#### Source data
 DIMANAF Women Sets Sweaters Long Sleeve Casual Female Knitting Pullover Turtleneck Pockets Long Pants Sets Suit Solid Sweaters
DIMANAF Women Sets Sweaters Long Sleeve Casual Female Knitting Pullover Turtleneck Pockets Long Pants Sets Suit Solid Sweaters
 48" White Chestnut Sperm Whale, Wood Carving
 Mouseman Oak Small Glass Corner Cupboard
...
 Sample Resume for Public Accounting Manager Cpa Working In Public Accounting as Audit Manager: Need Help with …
* * *
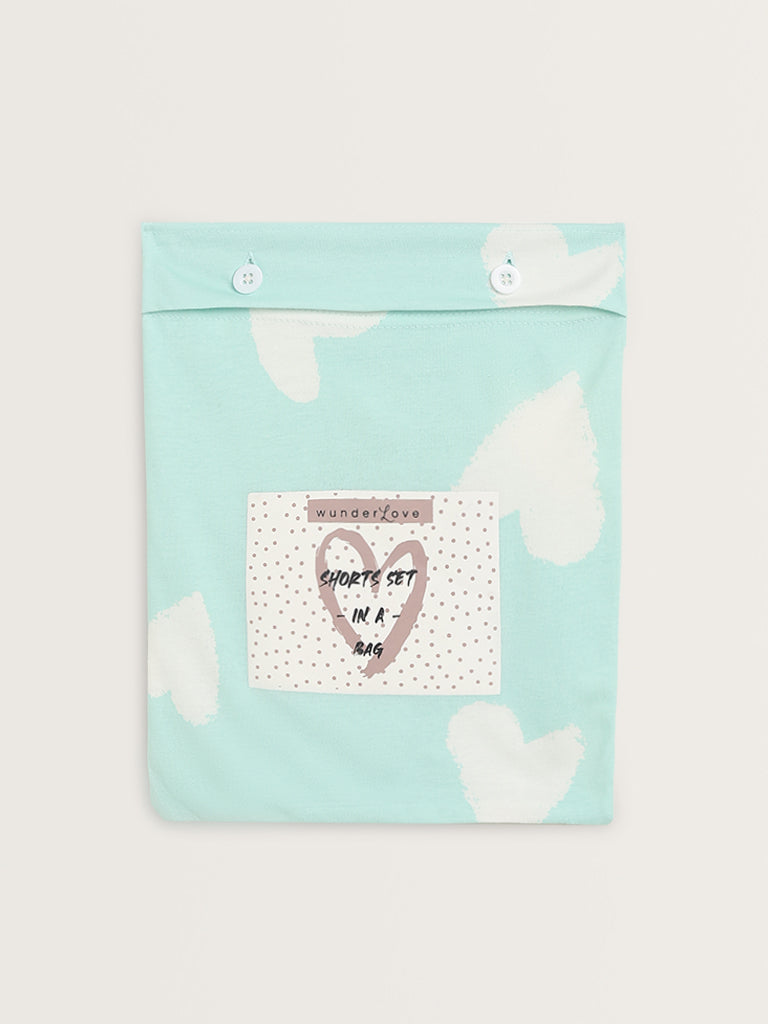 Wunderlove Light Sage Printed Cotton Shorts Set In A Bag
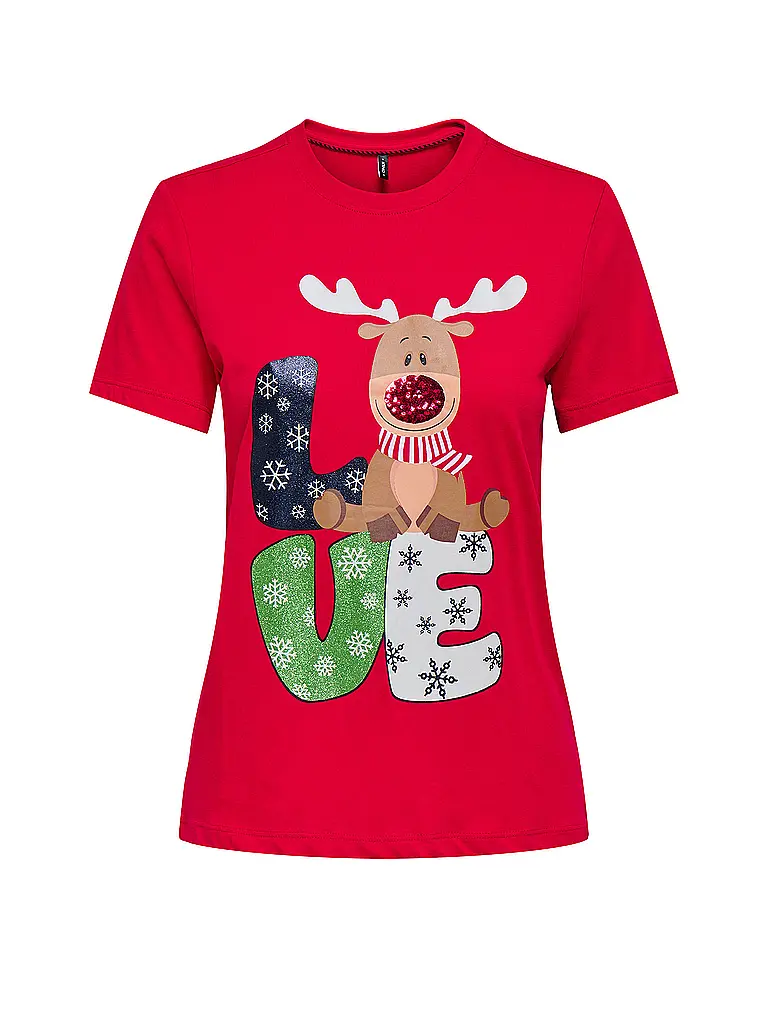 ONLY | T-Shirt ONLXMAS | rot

#### Task directions
Set the pictures aside and reproduce exactly the lines above, from the line holding "Wunderlove Light Sage" through the line holding "ONLY | T-Shirt ONLXMAS | rot", both included, with nothing else.

#### Response
 Wunderlove Light Sage Printed Cotton Shorts Set In A Bag
 ONLY | T-Shirt ONLXMAS | rot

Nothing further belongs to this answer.